** Your goal **
Reproduce, exactly and only, the lines of the data that follows from the one containing "孩子不斷淌眼屎，孩子光流眼屎" down to the one containing "LifeSab™ ALDH3A1 Rabbit pAb (50 µl)", without pictures.

** Available data **
[Start of section]
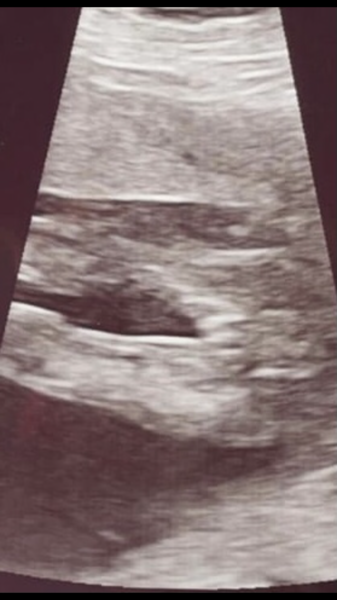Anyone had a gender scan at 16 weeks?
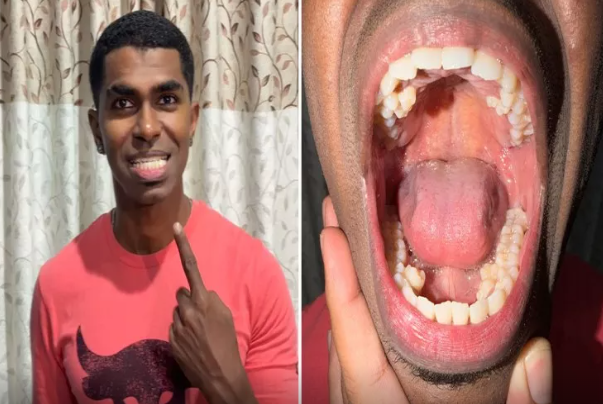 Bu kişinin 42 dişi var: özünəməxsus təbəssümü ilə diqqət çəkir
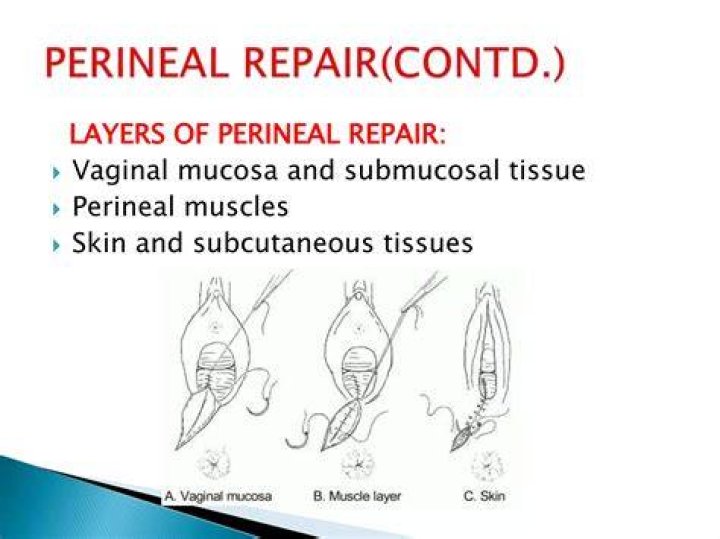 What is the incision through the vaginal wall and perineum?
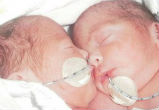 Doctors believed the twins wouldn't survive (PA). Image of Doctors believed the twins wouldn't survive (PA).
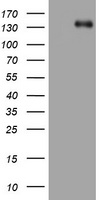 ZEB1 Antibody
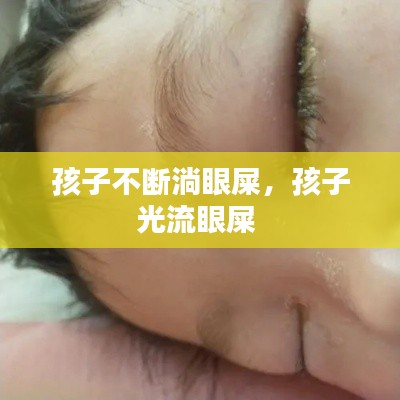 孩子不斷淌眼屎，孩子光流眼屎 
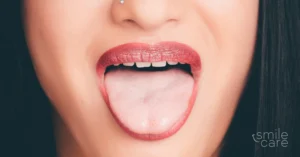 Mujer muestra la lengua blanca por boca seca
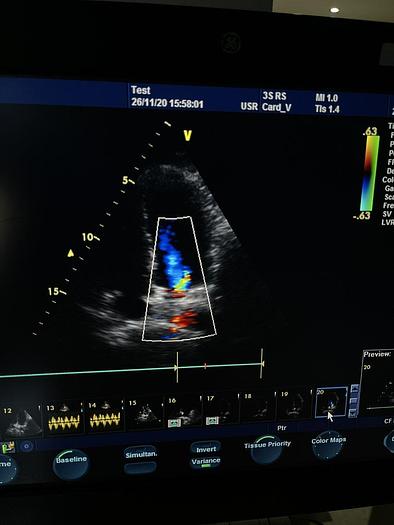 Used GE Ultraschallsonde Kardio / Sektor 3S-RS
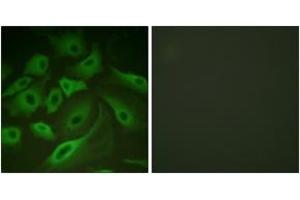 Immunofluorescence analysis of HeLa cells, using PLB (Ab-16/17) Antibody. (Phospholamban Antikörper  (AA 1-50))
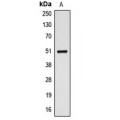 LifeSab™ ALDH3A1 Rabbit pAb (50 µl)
[End of section]
[Start of section]
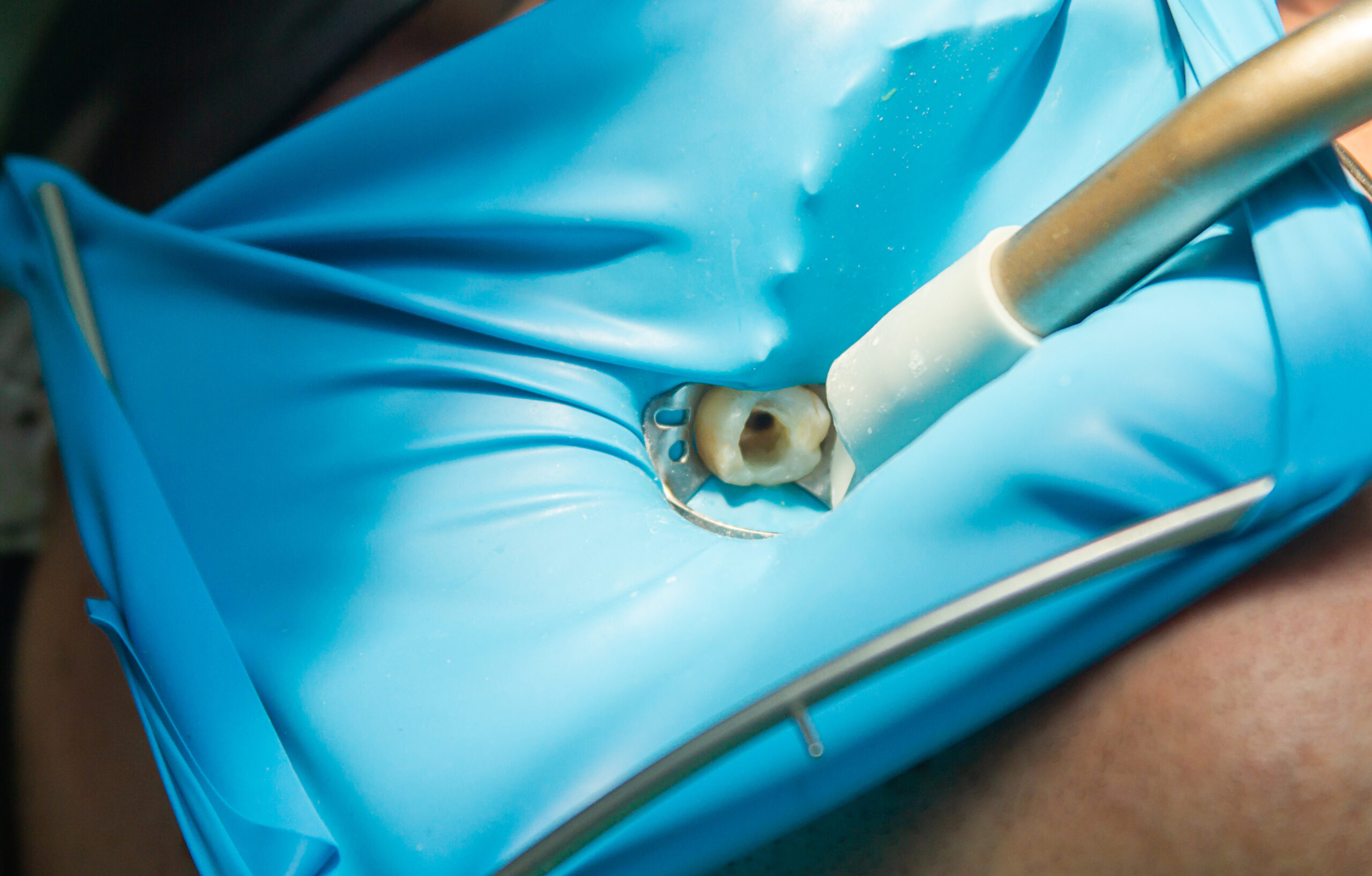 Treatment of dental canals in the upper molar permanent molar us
[End of section]
** Exercise result **
 孩子不斷淌眼屎，孩子光流眼屎 
 Mujer muestra la lengua blanca por boca seca
 Used GE Ultraschallsonde Kardio / Sektor 3S-RS
 Immunofluorescence analysis of HeLa cells, using PLB (Ab-16/17) Antibody. (Phospholamban Antikörper  (AA 1-50))
 LifeSab™ ALDH3A1 Rabbit pAb (50 µl)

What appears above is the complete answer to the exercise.